Business and Finance

I began my career by qualifying as a registered representative with the New York Stock Exchange, and subsequently trained as an investment banker in the City. I started writing about business and finance first as a City reporter for the Financial Times and then as an investigative features writer for the FT in the early 1980s (winning a commendation in the British Press Awards in 1982). Three and a half years as an associate with McKinsey & Co probably taught me more about business than any business school could ever have done - and I later worked for The Economist as its US business correspondent.

Struggle for take-off

One of the most intriguing stories that I wrote about as a features writer at the FT concerned the privatisation of British Airways in the 1980s.
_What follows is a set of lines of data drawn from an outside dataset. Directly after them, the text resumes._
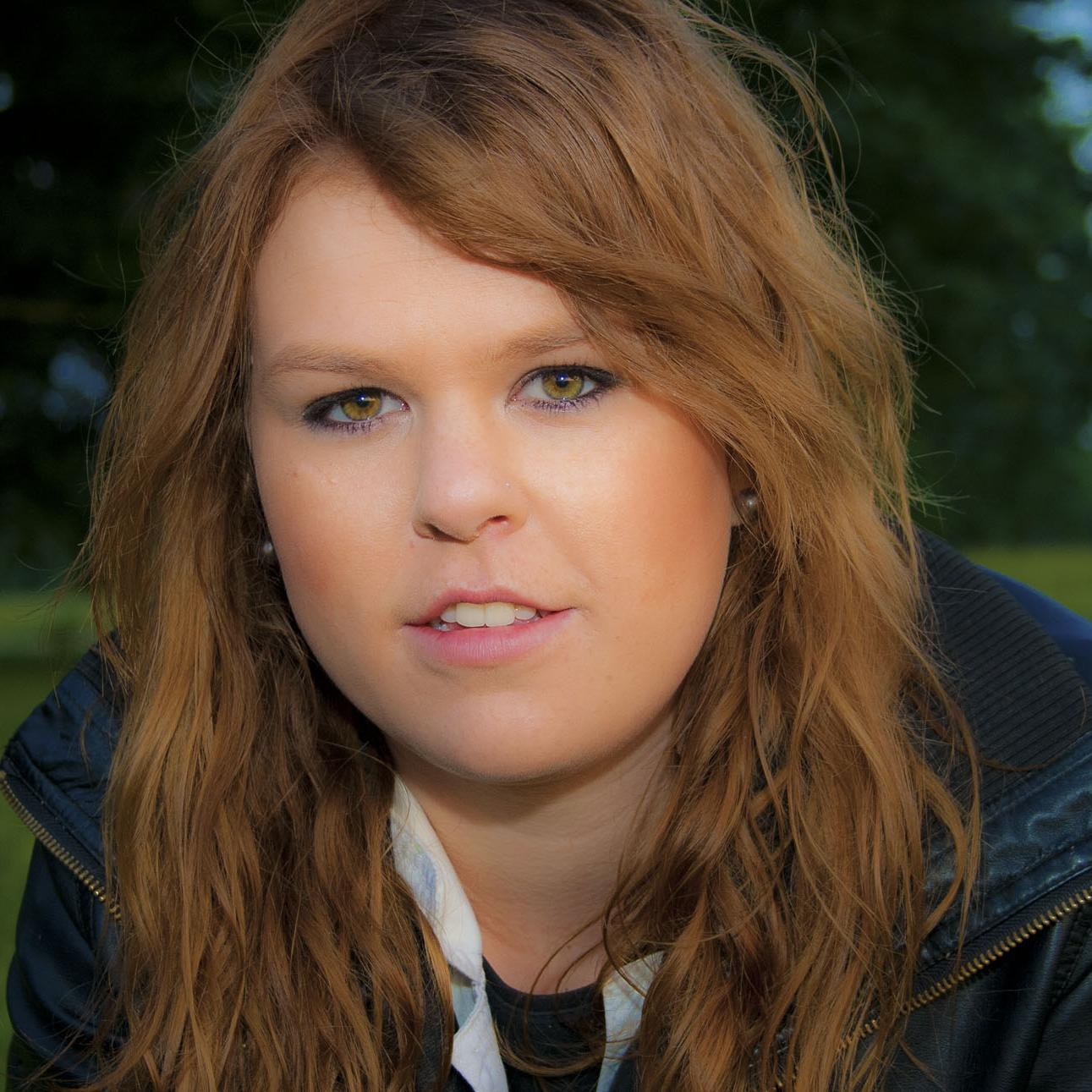 newblog21's profile picture. 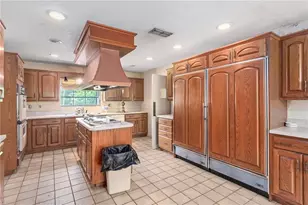 12049 NE 8th Ct, Ocala, FL 34479 - Photo 13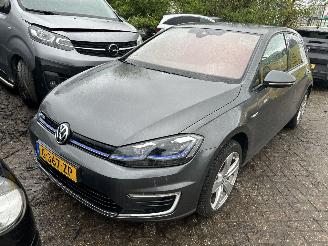 Voiture accidenté Volkswagen e-Golf Edition  Automaat 2019/12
At the heart of the story was a high-stakes poker game between BA (and a clutch of other major flag carriers) and the entrepreneurial Freddie Laker, pioneer of the cut-price airline sector and founder of the Laker Skytrain. Given clearance by the Thatcher government to go ahead with its own privatisation, BA made an awkward discovery: a huge lawsuit lodged by Laker, blaming BA for the recent collapse of his Skytrain operation, was effectively blocking the runway. Laker gambled that BA would have to pay him off royally in order to proceed. BA struggled for a year to persuade Laker that he had no case and should take a minimal pay-off. The result was a remarkable episode in the history of the airline industry. I described it in a book, Struggle for Take-Off, The Story of British Airways, that was published by Coronet Books in 1986.

I have taken a keen interest in company-history projects over more than 20 years. In 2007 and again in 2008, I was one of three judges for the annual Wadsworth Prize for business history, awarded by the Business Archives Council of the UK.